5.4 Significance of MSAC

The salient feature of this research as below…

  • In the current era of technology, the evolution of speech recognition is done day by day so it is very necessary to bring this technology to the societies in regional language. It is observed that work done in Marathi has not received much more attention. Thus, we have attempted to design and developed Marathi Speech Activated Calculator (MSAC).

  • The MSAC system is directly beneficial for society people, where no need of computer literacy and knowledge of English.

  • The clustering approach such as PCA, LDA, and LPC was considered for feature extraction, and this gives a new path for speech researcher towards an implementation of real-time application.

  • From 1939 to till date, MFCC is one of the robust and dynamic feature extraction techniques; in this experiment, we proposed WDCC feature extraction technique, which gives better performance than MFCC.

  • It is very important to adapt research in real-time application; MSAC is the real-time application in Marathi regional language. This will be a chance for Marathwada people to adapt new technology in speech recognition through which they become the part of today’s modern technology.

6 Conclusion

From the enrich literature, it is observed that MFCC, PCA, LDA, LPC Rasta-PLP, and much more techniques available for feature extraction. Individual techniques have their own limitation. We tried to come up with these limitations using fusion approach. The database for the said application is recorded by standard protocol.

The MSAC system is tested on the basis of individual feature extraction techniques, fusion approach of MFCC and proposed WDCC approach. From the analysis, we observed the following:

  • Efficient accuracy is achieved with MFCC for 39 coefficients but RTF is bit increased than MFCC with 13 coefficients. MFCC 13 coefficient proved to be effective in term of accuracy and RTF.

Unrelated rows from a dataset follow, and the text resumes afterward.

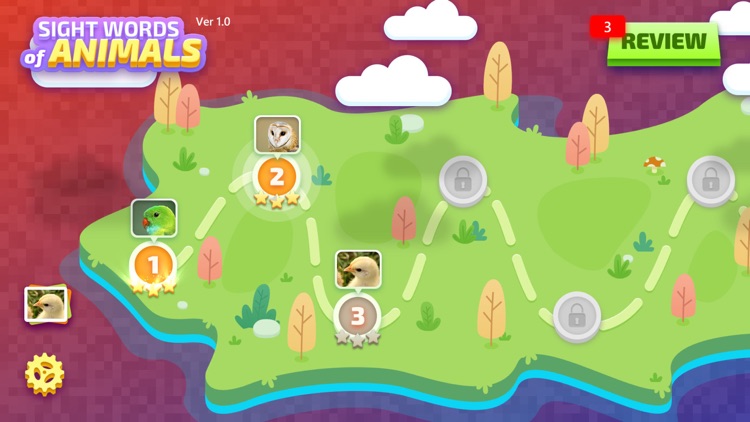 Sight Words of Animals screenshot-7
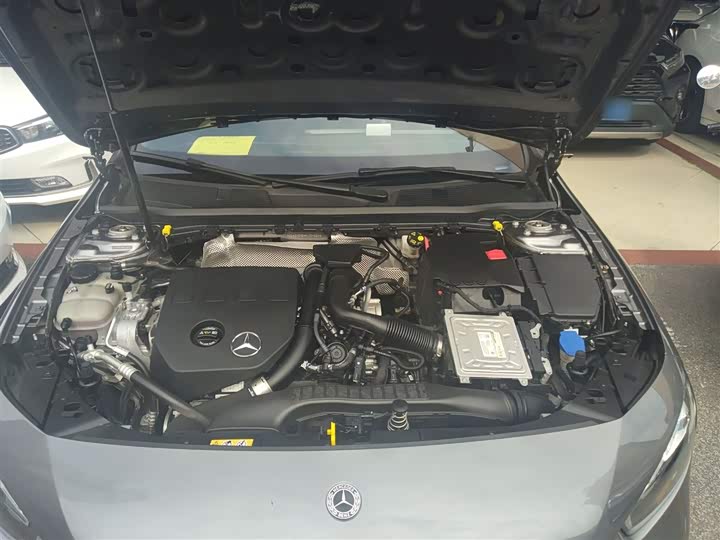 Фото 20 - Mercedes-Benz A-Class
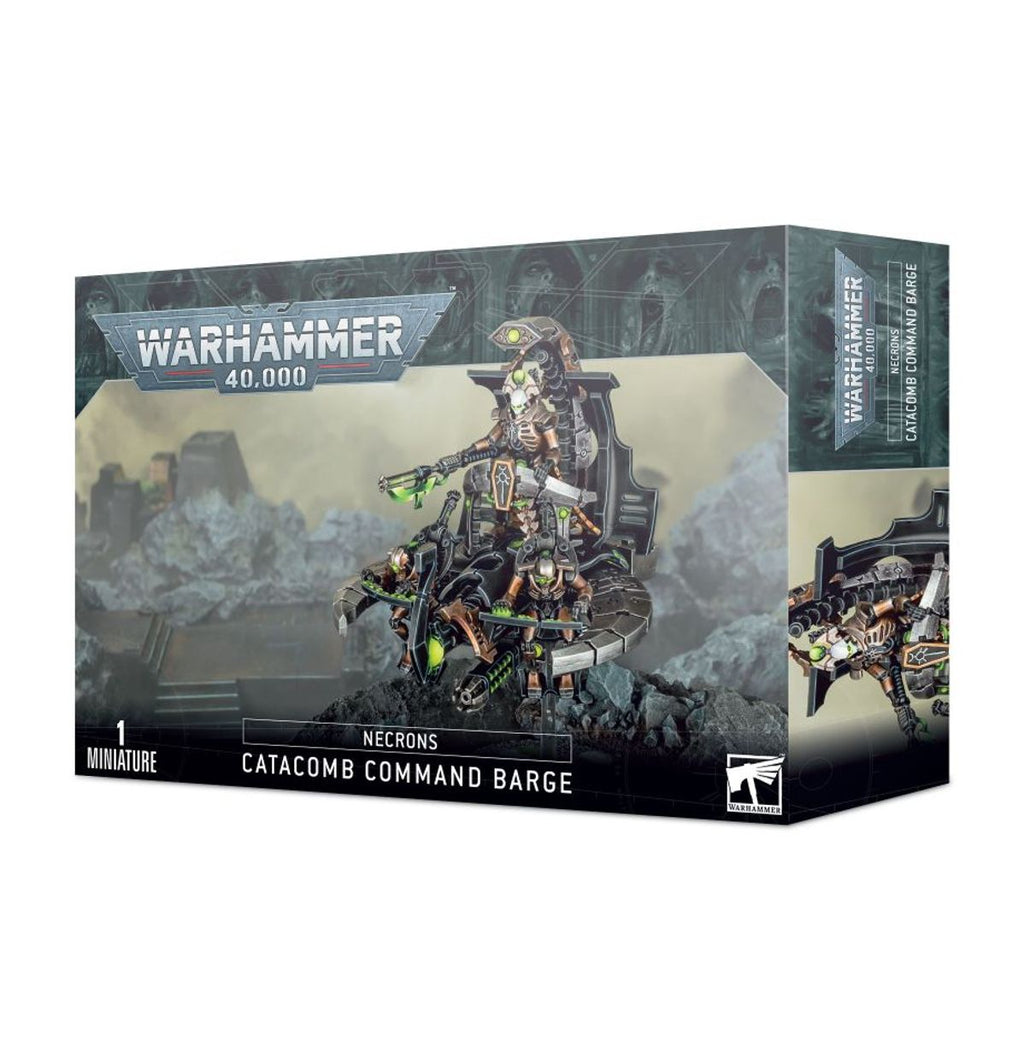 Necron Catacomb Command Barge/ Annihilation Barge
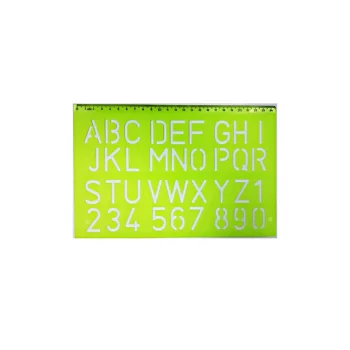 Hatas Yazi Şablonu Öğrenci Tipi 20 Mm 2258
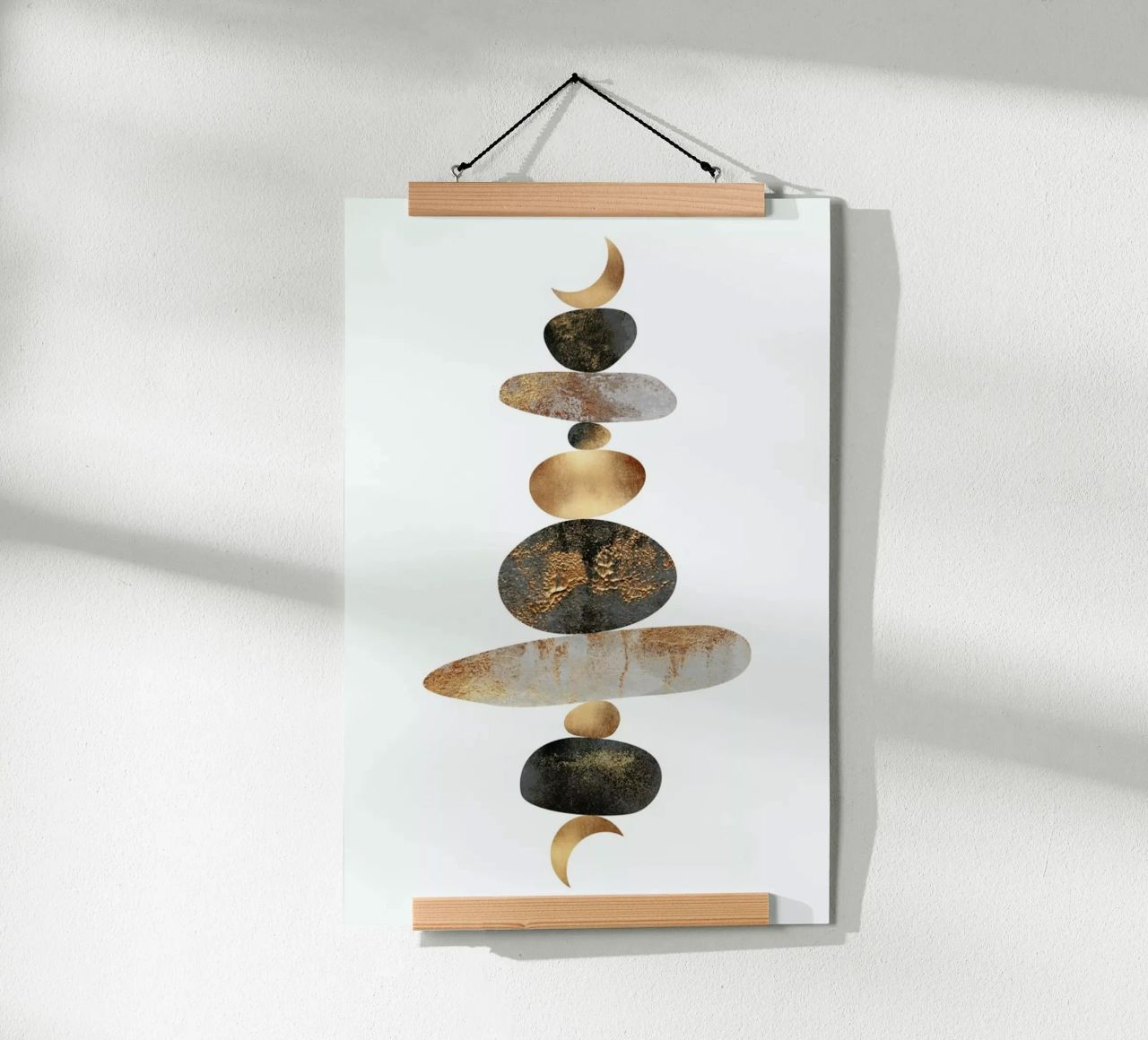 Moon Balance poster de Elisabeth Fredriksson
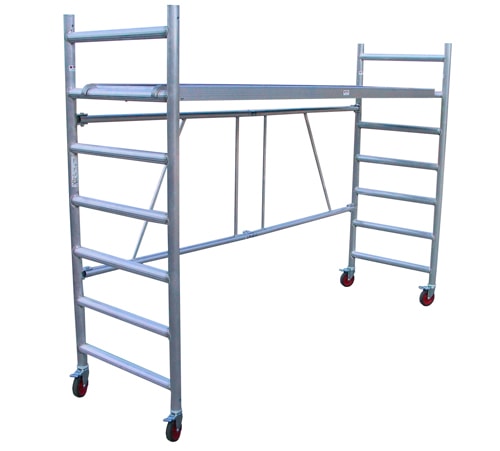 Jumbo foldestillads 250 x 74 cmarbejdshøjde 3,96 m 250SKSUPER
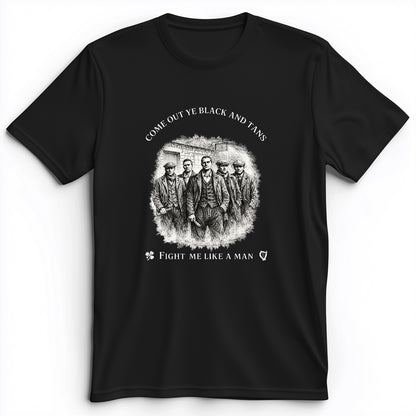 Black and Tans Premium Tee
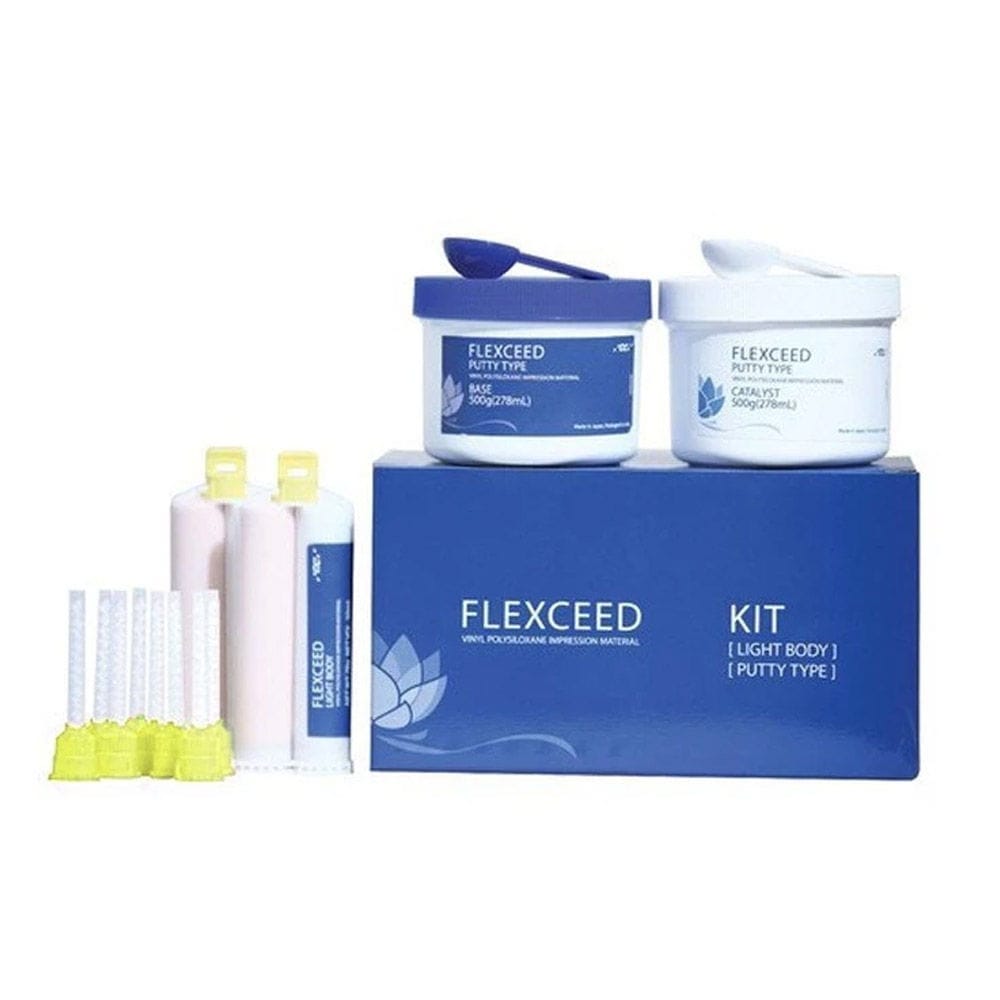 GC flexceed putty and kit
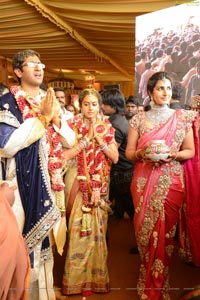 Balakrishna Second Daughter Tejaswini Marriage Photos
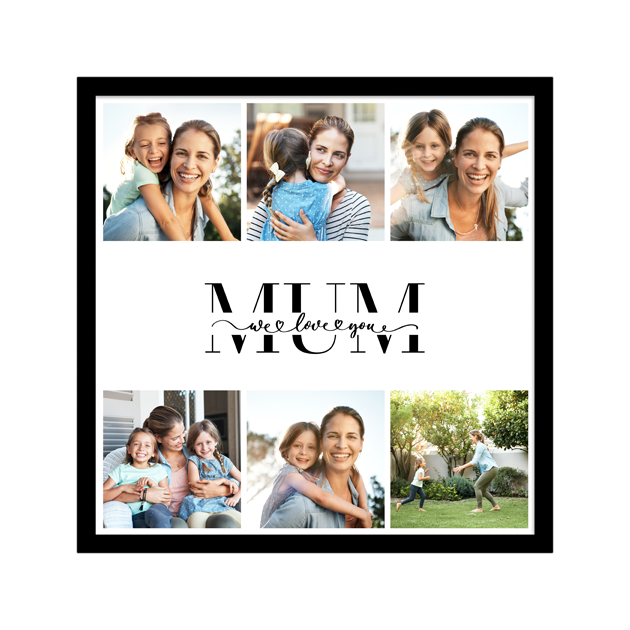 Framed Print - Square 16x16inch (40x40cm)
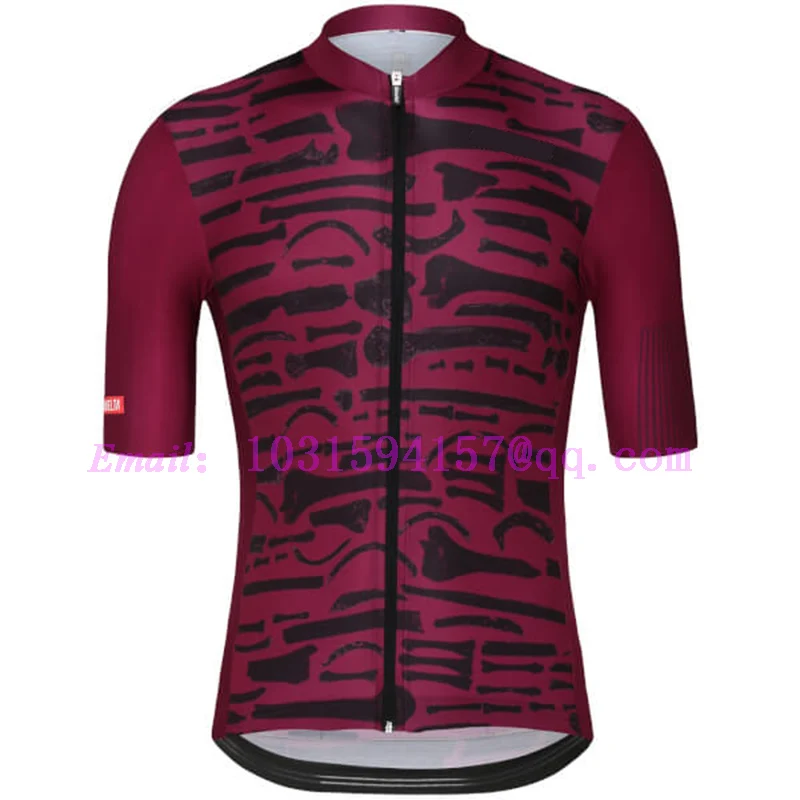 Профессиональная команда uci Велоспорт Джерси 2019 Летняя мужская одежда с коротким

  • MFLDWT is proven a higher accuracy than other fused techniques with acceptable RTF.

  • WDCC with 54 coefficients gives the high accuracy but the real time factor is slightly greater than other 18 and 36 coefficients.

  • WDCC with 18 coefficients provided acceptable accuracy with lowest RTF.

  • The testing environment such as air conditioners in office, system processor sound and group talking environment varies the performance of MSAC.

From the above study the author recommended the WDCC feature extraction techniques are robust and dynamic as compare to MFCC, LPC, Rasta, LDA, and PCA.